Davis:              You got me thinking now, if there's somebody listening out there who's experiencing that right now, might be a victim of domestic violence, they have at least one child or more, some have five six children. But they're trying to do the right thing and leave. The vital needs are the very first steps that they need. Shelter - so it's very survival mode. But they have everything they need while in that stage.

                        What about the next step? I'm thinking, what about when they get their own place? You mentioned friends. Friends are probably the best way - good, positive friends. Strong friends.

Anita Charging:  Bismarck - back when I was going through all of this - they were just beginning services to abused women. It's grown so much in the last 30, 35 years. I did my senior year practicum in my social work degree - I did my senior placement with the Abused Adult Resource Center. At the time it wasn't even called that, at the time it was called the Abused Women's Resource Closet. Our office was above Sue's Sporting Goods, which used to be a sporting down in downtown Bismarck.

                        We did not have any shelters. We had homes that families would take women and children into their homes. That's how the sheltering was done until we got like Pam’s House now. There are some many, much better resources than back in my day. There is advocates...to help you find education, to even clothe you. To give you a career wardrobe. There's so many things that the Abused Adult Resource Center does now. So, yeah, your friends, your family, there's - they even have connections. They've got this town wired. They know how to get furniture. Their food pantry to get a woman and her children set up and going on their own.

                        30 years ago they didn't have this much. This all began in Bismarck-Mandan with the Bonnie Palle check.

Davis               Is that right?

Anita Charging:  She started the first services to women. And from what I understand she started it in her basement. She is the first services of women that were being abused was Bonnie's brainchild. To get help for them. This was probably the early 70s I'm going to say.

Davis:              And I've seen her here at a meeting here just in the past year. So she's still strong. Involved, even if it's behind the scenes. That is just great.

                        So you go through this. You come to Bismarck and you go back to school.

Anita Charging:  Yes. And I finish. Which is a glorious day. I finished. 10 years after I graduated high school, but I finished. And then my first job I was the counselor at Theodore Jamerson Elementary School out at United Tribes. I loved working with the kids. I was just finding my element new into my career. My son and I.

                        Then, I met my future husband out there.

Davis:              Oh, out there, okay.

Anita Charging:  Yeah he'd come to deliver - he's from Rosebud - he'd come to deliver a graduation address and he had just finished his masters' program at Ames Iowa - University of Iowa and ended up staying. They offered him a job and he ended up staying.

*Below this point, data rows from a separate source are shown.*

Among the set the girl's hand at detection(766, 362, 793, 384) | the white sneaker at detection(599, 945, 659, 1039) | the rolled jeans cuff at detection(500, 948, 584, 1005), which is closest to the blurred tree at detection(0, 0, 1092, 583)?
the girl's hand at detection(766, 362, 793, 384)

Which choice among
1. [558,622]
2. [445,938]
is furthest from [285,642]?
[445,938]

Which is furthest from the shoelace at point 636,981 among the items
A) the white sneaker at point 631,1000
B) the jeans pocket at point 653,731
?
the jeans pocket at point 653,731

That's how we met out there. Through mutual friends.

                        I was working at the school. I got engaged. Got married, had my first daughter. Things were going pretty well. Then at the time, the criteria for guidance counselors in schools changed, and I didn't meet the criteria. You have to have teaching certificates now and stuff to be a guidance counselor in school systems, and I didn't have that. So I went on to work with the Bismarck public schools after that.

                        I was their JO1 coordinator for some years. My biggest accomplishment there was one of ten JO1 programs in the nation recognized for distinguished services. Bismarck public schools, contracts their JO1 program through the standing rock education department. Bob Gip was my boss down there. He was thrilled when he called to tell me the program up here had been selected. That was a real honor.

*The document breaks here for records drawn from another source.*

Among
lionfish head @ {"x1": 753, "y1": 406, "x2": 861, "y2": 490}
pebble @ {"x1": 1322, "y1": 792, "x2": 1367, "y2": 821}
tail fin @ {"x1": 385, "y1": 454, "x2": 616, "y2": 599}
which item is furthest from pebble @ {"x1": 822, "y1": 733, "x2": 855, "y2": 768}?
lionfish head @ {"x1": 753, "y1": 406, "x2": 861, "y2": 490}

                        I worked there another year after I won that award but I felt like I had taken the program as far as I could do it. And maybe it needed some new blood. Someone with maybe a different vision or something. I started looked for another job and I did land one with Casey Family Programs.

Davis               And what's that about?

Anita Charging:  That is long-term foster care. Just short of adoption. But a lot of times when they take the foster - and it's kinship care - a lot of times when they take these children in it's maybe to raise them until they're grown up. It's long-term foster care short of adoption. Short of parental termination.

Davis:              Is that ran by the state?

Anita Charging:  No. Casey Family Program was founded by James Casey. James Casey is also the founder of the UPS system. United Parcel Service yes. Out of Seattle Washington. And he grew up with his - his dad had died young. He was the oldest of his brother and sister. He had to quit school at an early age and one of the jobs he took - he had a bike and he would deliver messages and parcels around Seattle. That just kind of grew from there. But yeah the UPS system is where Casey Family Program got all their money.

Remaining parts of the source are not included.